All examples use the Stretcher ruby gem
- An Information Retrieval (IR) System
- A way to search your data in terms of natural language, and so much more
- A distributed version of Lucene with a JSON API
- A fancy clustered, eventually consistent database
Lucene is an information retrieval library providing full-text indexing and search.
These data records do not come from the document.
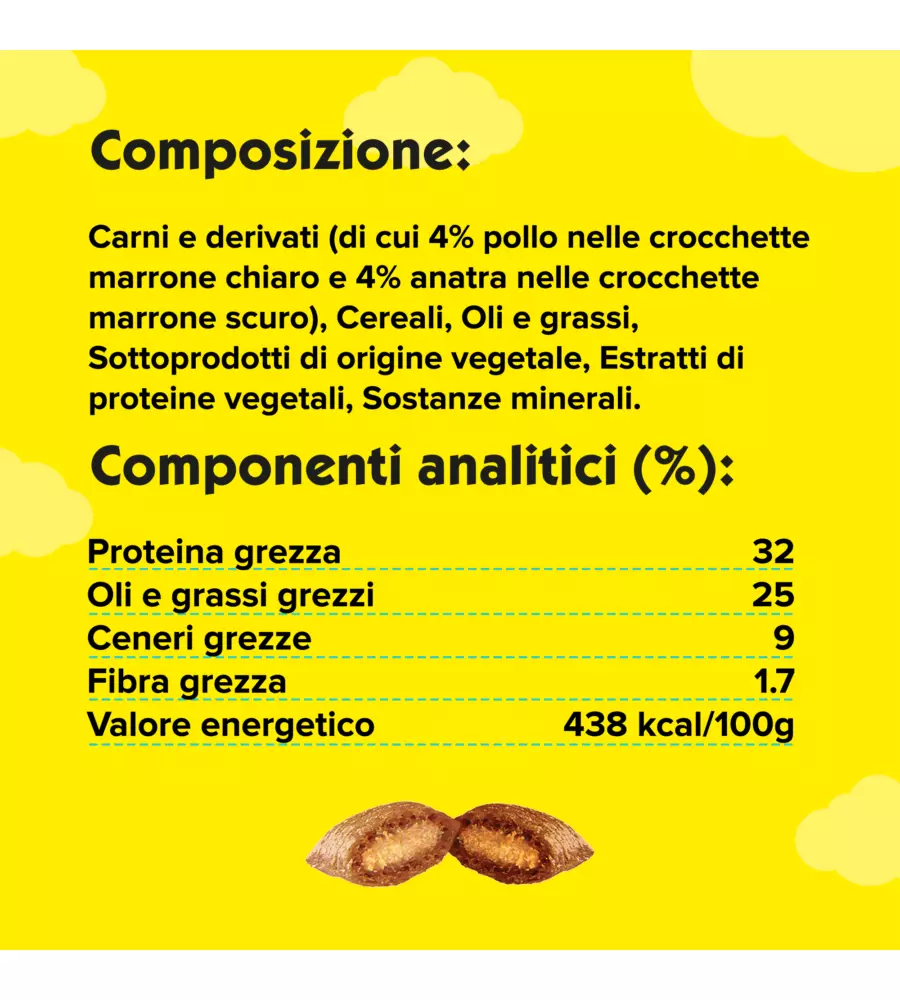 CATISFACTION MIX CON POLLO E ANATRA - 60 GRAMMI.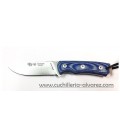 Cuchillo CHAMAN BUSCRAFT 139-B micarta azul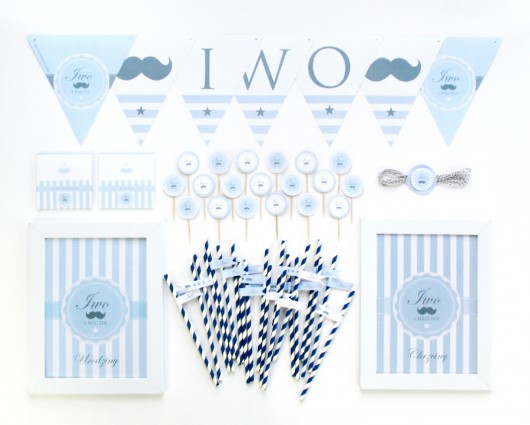 Zestaw MUSTACHE indywidualne zamówienie Wiewiórka i Spółka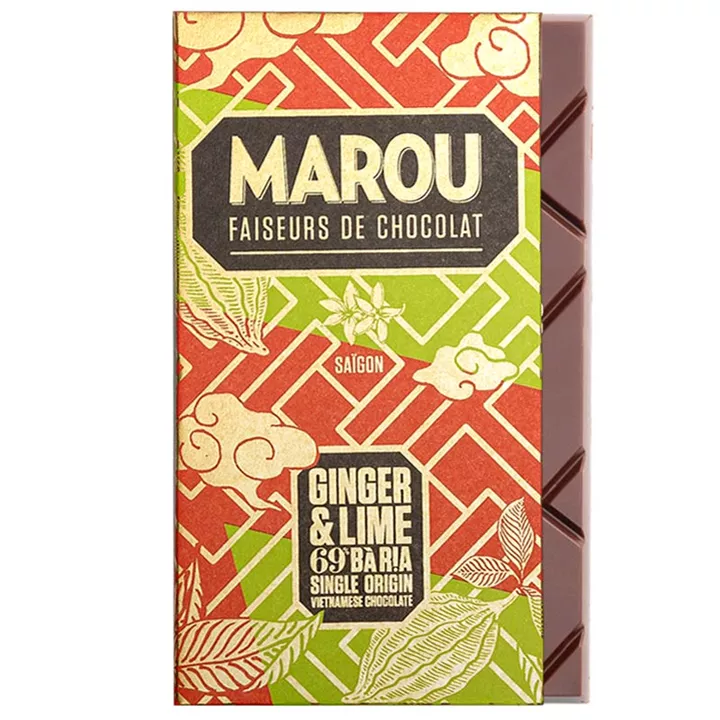 Bild på Mörk choklad med ingefära & lime 69%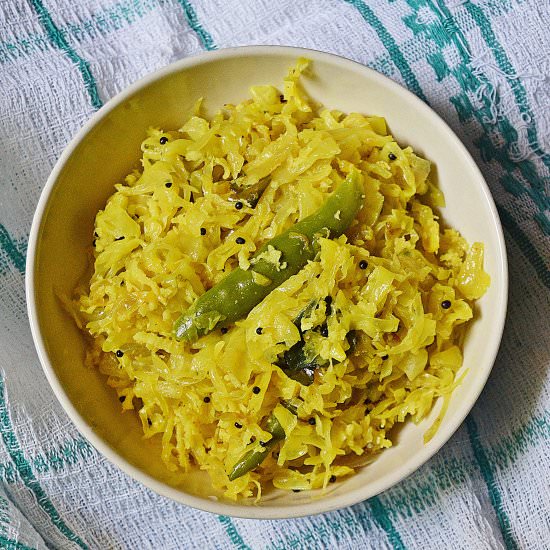 Malabar Cabbage Stir Fry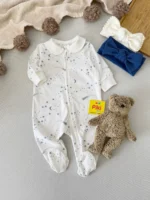 سرهمی ماه و ستاره ای جورابدار اورجینال برند H&M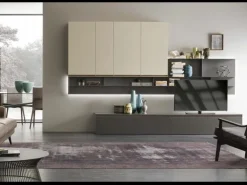 Parete attrezzata in laccato opaco A104 a prezzo Outlet^Tomasella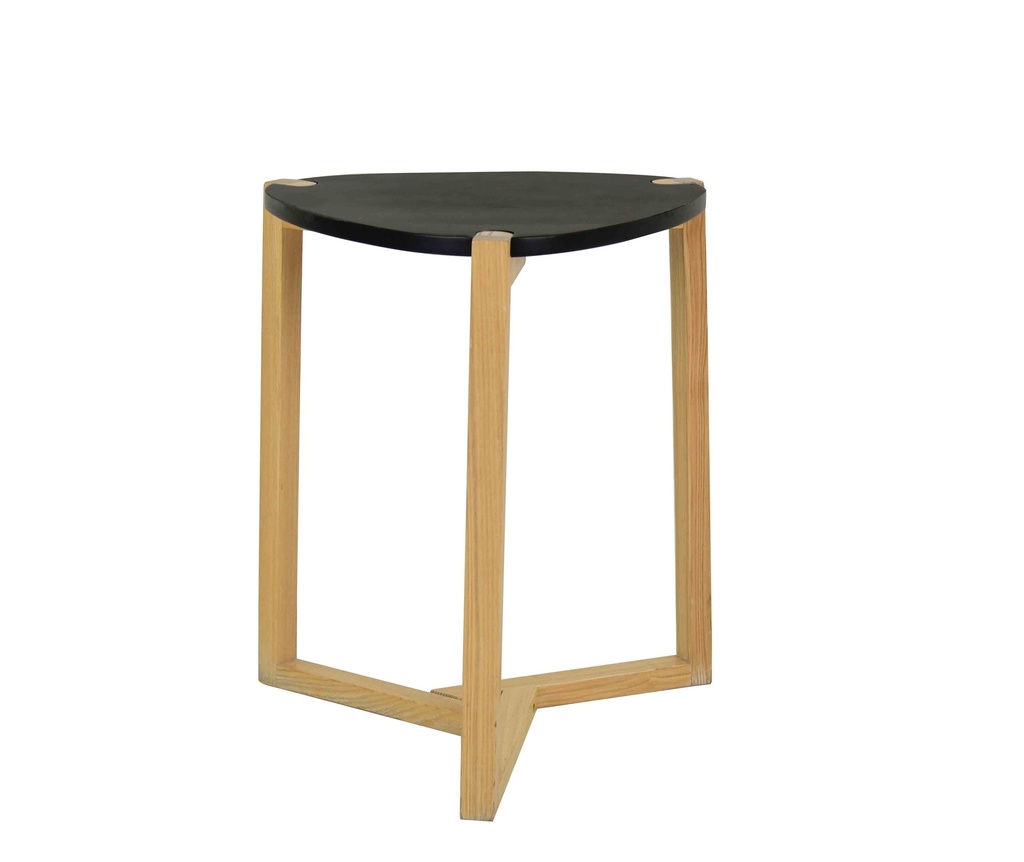 [1346350] Corner Table (BLACK)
Elastisearch provides a RESTish HTTP interface, clustering support, and other tools on top of it.
- Data is stored in an index, similar to an SQL DB
- Each index can store multiple types, similar to an SQL table
- Items inside the index are documents that have a type
- All documents are nested JSON data
- Strongly typed schema
# Setup our server
server = Stretcher::Server.new('http://localhost:9200')
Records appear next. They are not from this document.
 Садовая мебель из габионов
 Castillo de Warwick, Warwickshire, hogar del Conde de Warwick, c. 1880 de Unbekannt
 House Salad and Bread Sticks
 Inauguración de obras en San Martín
# Create the index with its schema
server.index(:foo).create(mappings: {
tweet: {
properties: {
text: {type: 'string',
analyzer: 'snowball'}}}}) rescue nil
words = %w(Many dogs dog cat cats candles candleizer abscond rightly candlestick monkey monkeypulley deft deftly)
words.each.with_index {|w,idx|
server.index(:foo).type(:tweet).put(idx+1, {text: w })
}
- The document is a simple JSON hash:
{"text": "word" }
- Each document has a unique ID
- We use
put
, elasticsearch has a RESTish API
# A simple search
server.index(:foo).search(query: {match: {text: "abscond"}}).results.map(&:text)
=> ["abscond"]
- our query is actually a JSON object
- our response is also JSON!
Analysis is the process whereby words are transformed into tokens. The Snowball analyzer, for instance, turns english words into tokens based on their stems.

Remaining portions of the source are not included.